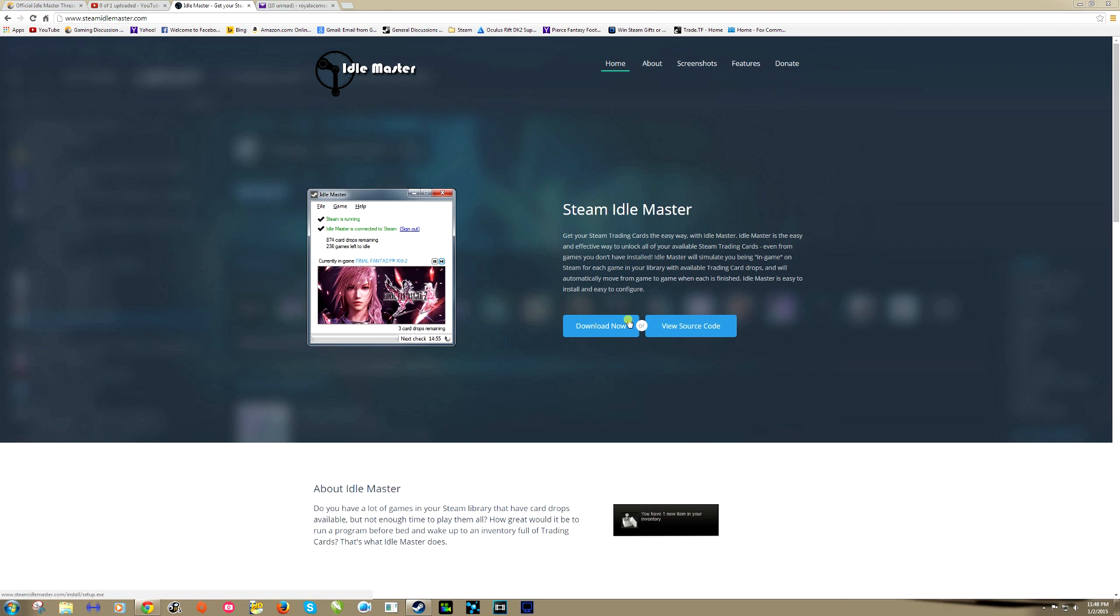What's up guys, Genius Pie Trap, and this is a video on the new Idle Master. I made a video on the old version of Idle Master. This version has changed drastically enough to warrant a new video.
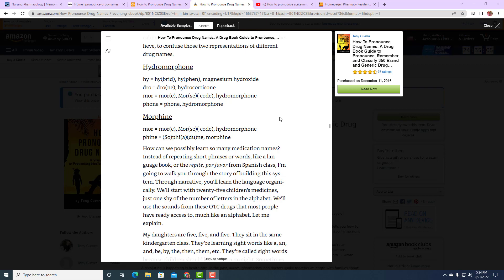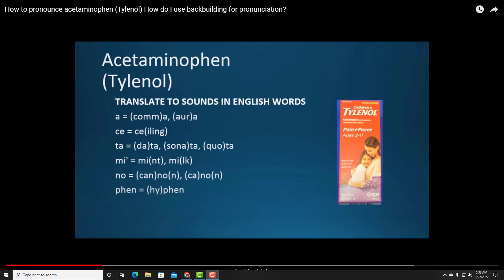When we want to use back-building — the technique I recommend when you're struggling to say a word after somebody says it — you start with the last syllable, then add the penultimate syllable, then three syllables, then all of them. For hydromorphone it would go: 'phone,' 'more-phone,' 'dro-more-phone,' 'hydromorphone.' For morphine it would just be 'phine,' then 'morphine.'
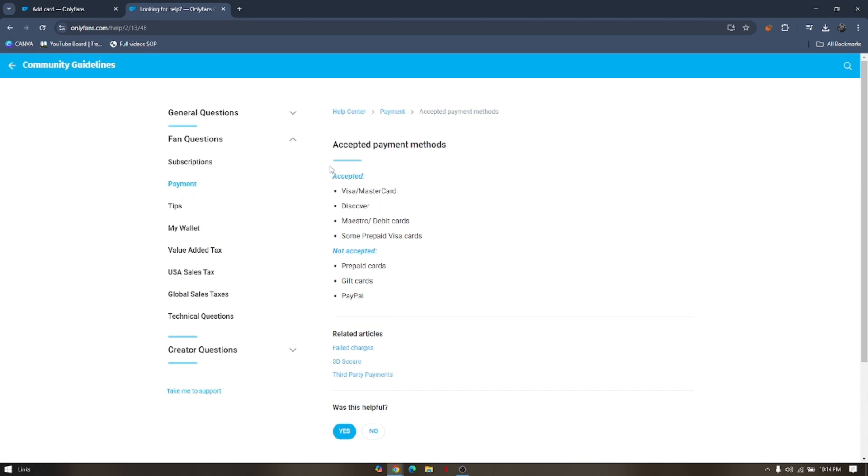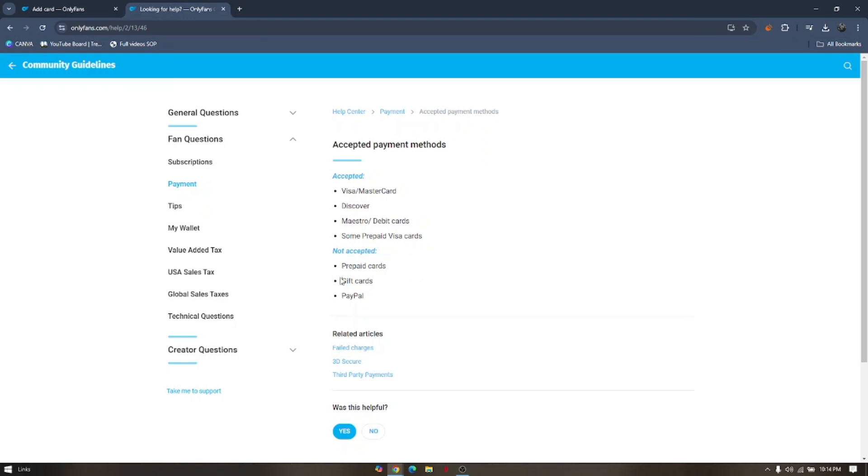Now under the OnlyFans community guidelines, these are the cards that are accepted: Visa, MasterCard, Discover, Maestro debit cards, some prepaid Visa cards. And these are not accepted cards: Prepaid cards, gift cards, and PayPal.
══════════════════════════════
The pictures are to be omitted, and the rest of the listing is to be transcribed exactly.

What's up guys, Genius Pie Trap, and this is a video on the new Idle Master. I made a video on the old version of Idle Master. This version has changed drastically enough to warrant a new video.
When we want to use back-building — the technique I recommend when you're struggling to say a word after somebody says it — you start with the last syllable, then add the penultimate syllable, then three syllables, then all of them. For hydromorphone it would go: 'phone,' 'more-phone,' 'dro-more-phone,' 'hydromorphone.' For morphine it would just be 'phine,' then 'morphine.'
Now under the OnlyFans community guidelines, these are the cards that are accepted: Visa, MasterCard, Discover, Maestro debit cards, some prepaid Visa cards. And these are not accepted cards: Prepaid cards, gift cards, and PayPal.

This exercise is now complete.